Vertov, Dziga (1896-1954), Polish-born Russian documentarist and film theorist, a founder of Russian silent cinema.

Vertov was born Denis Kaufman in Białystok, Poland, the son of a librarian. Moving to Moscow with his parents early in World War I, he studied medicine and wrote poetry, novels, and essays. Around 1916 he took the pseudonym Dziga Vertov, which meant “turning” or “revolving” and suggested a spinning top and perhaps perpetual motion.

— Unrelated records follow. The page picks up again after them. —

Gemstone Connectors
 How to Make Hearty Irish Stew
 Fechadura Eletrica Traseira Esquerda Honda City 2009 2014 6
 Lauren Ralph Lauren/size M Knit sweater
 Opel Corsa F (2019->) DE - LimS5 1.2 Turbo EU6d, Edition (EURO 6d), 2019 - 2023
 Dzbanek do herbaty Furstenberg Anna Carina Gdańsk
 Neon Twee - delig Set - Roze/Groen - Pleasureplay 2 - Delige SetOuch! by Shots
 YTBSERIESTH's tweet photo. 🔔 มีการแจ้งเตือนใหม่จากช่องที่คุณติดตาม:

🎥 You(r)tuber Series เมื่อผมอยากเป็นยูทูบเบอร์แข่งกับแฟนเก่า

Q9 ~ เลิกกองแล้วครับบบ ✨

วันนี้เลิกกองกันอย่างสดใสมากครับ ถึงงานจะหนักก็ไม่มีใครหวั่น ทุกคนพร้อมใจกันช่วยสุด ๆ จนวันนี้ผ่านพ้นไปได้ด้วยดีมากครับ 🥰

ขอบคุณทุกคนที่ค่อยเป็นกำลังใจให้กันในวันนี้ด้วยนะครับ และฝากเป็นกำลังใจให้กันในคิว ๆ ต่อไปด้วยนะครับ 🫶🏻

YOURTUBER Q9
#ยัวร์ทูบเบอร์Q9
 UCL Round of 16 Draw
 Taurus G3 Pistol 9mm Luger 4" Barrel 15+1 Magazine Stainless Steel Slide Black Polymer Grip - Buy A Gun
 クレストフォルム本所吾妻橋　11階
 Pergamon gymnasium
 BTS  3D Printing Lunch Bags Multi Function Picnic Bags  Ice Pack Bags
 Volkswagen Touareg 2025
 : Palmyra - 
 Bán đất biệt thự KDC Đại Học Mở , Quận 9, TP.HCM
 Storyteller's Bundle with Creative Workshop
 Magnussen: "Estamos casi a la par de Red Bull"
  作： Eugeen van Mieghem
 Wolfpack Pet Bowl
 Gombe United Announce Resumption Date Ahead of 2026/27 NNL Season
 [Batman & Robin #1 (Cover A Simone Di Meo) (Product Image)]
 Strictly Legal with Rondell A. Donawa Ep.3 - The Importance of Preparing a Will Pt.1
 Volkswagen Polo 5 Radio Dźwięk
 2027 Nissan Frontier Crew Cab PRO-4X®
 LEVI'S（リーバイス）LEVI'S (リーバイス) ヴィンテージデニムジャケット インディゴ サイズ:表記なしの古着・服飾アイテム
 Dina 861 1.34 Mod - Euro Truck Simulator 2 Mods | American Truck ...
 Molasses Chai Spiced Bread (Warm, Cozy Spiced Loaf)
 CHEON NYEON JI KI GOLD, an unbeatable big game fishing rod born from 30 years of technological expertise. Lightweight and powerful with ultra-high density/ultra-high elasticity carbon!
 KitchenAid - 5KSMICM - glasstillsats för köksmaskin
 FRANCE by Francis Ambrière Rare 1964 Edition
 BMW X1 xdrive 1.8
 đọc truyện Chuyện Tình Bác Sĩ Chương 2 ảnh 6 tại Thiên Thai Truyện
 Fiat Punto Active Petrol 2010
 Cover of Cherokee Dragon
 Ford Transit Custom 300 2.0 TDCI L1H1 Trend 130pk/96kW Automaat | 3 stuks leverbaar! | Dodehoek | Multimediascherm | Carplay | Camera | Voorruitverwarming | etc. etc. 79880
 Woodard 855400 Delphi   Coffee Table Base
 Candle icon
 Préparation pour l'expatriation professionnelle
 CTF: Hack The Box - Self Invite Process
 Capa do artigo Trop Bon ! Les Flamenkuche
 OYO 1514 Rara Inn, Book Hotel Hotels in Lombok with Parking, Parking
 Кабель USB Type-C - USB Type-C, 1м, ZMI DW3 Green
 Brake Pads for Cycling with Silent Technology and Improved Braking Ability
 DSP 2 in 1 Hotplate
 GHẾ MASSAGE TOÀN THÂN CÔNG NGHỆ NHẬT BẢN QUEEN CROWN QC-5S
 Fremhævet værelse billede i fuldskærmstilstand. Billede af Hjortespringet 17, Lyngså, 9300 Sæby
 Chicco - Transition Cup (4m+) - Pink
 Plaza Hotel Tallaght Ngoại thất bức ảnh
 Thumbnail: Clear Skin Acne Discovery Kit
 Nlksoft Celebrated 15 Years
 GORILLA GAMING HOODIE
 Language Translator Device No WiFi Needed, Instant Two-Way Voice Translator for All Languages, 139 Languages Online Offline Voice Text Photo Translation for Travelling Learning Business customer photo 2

After the October Revolution of 1917 (see Russian Revolution), which brought the Bolsheviks to power, Vertov became editor of Film Weekly, a newsreel series started in 1918 to promote the Revolution that reused previously shot footage. Enthralled with the potential of film to educate and unify the diverse peoples of the Union of Soviet Socialist Repulics, most of whom were illiterate, Vertov started making feature-length documentaries in 1919. The same year, he founded the Kino Eye Group and began publishing manifestos advocating a radically new cinema based on real life to replace the commercial cinema. From 1922 to 1925 Vertov produced Kino-Pravda (“film truth”), a monthly series of news films that illustrated his theories and used numerous special effects and experimental editing techniques.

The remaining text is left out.